(Records to use)

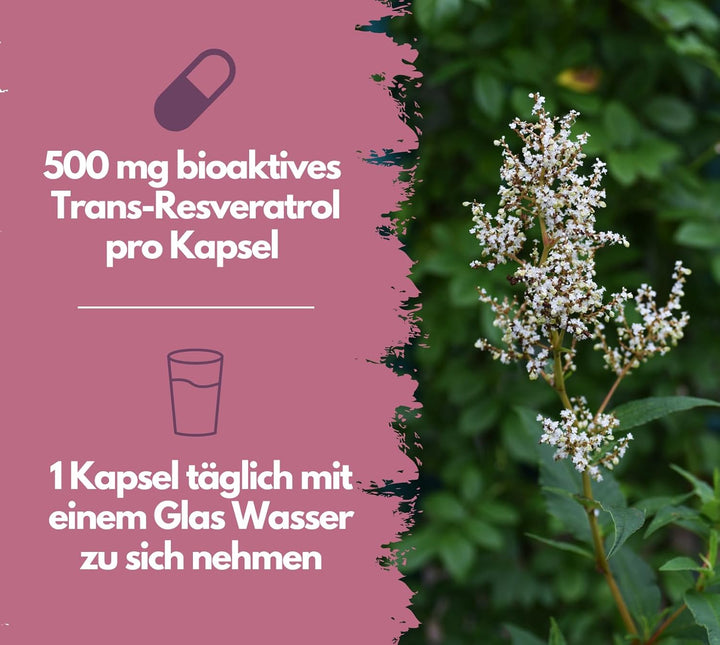 Resveratrol Kapseln, 500mg pro Kapsel, vegan von EXVital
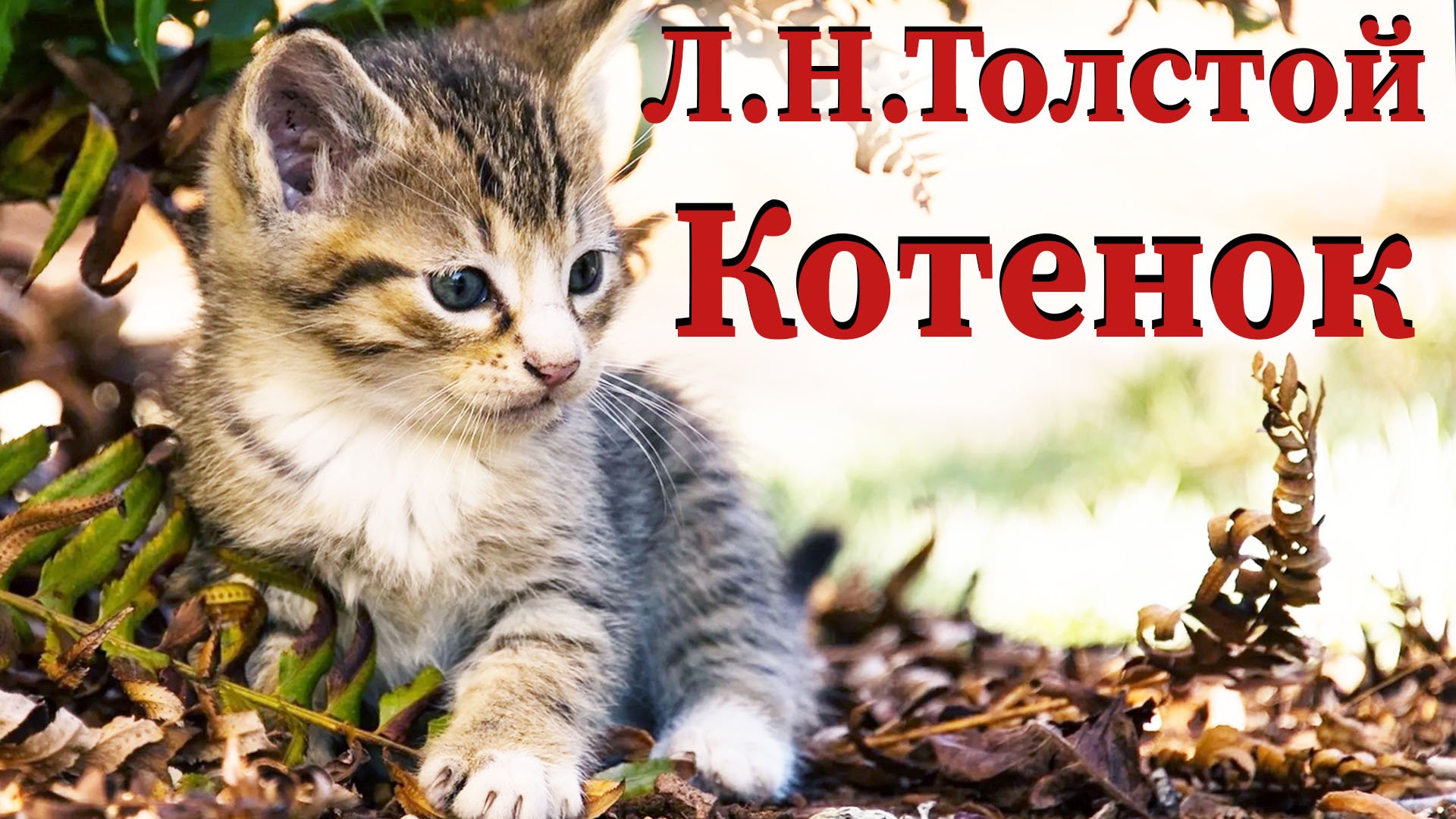 Л.Н. Толстой - Котенок смотреть онлайн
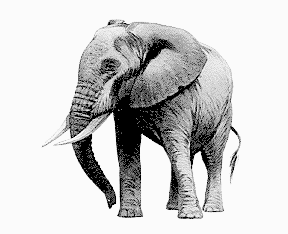 elephant basic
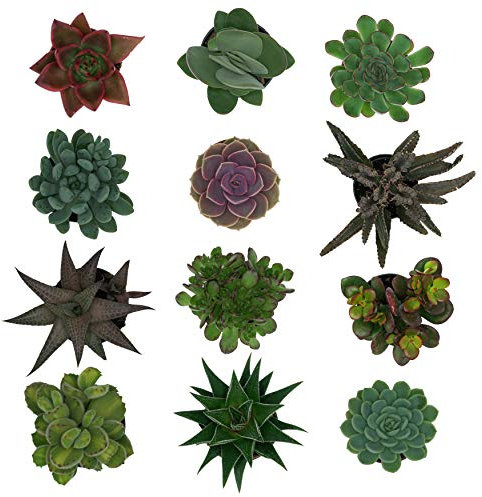 Pasiora Sukkulenten Mix im 6cm Topf, verschiedene kleine Pflanzen, Geschenkset (12 Stück)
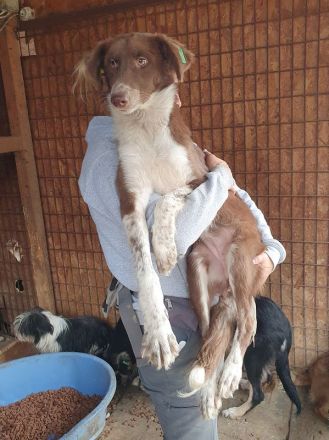 Lyra, sensible, ruhige Junghündin wünscht sich ein ruhiges, einfühlsames Zuhause, 1,5 J, 54 cm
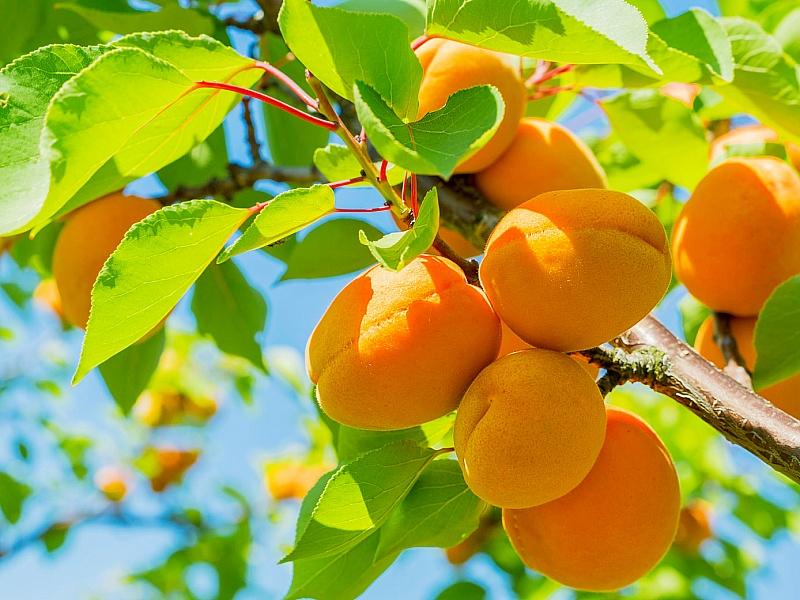 Абрикос купить саженцы из питомнике в Новом Уренгое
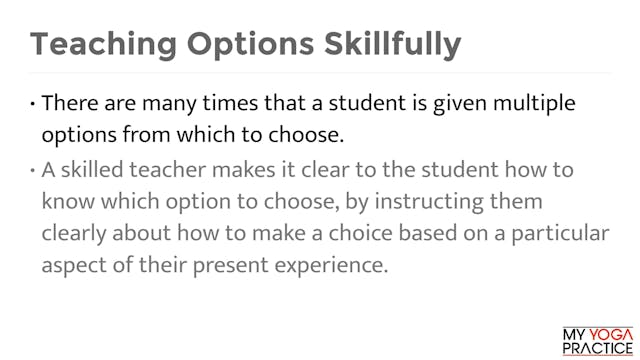 3.8 Teaching Options Skillfully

(End Records to use)

= What you have to do =
Write out exactly the lines that run from the one containing "Л.Н. Толстой - Котенок смотреть онлайн" to the last line of the entries above, both ends kept, pictures left out.

= Output for this exercise =
 Л.Н. Толстой - Котенок смотреть онлайн
 elephant basic
 Pasiora Sukkulenten Mix im 6cm Topf, verschiedene kleine Pflanzen, Geschenkset (12 Stück)
 Lyra, sensible, ruhige Junghündin wünscht sich ein ruhiges, einfühlsames Zuhause, 1,5 J, 54 cm
 Абрикос купить саженцы из питомнике в Новом Уренгое
 3.8 Teaching Options Skillfully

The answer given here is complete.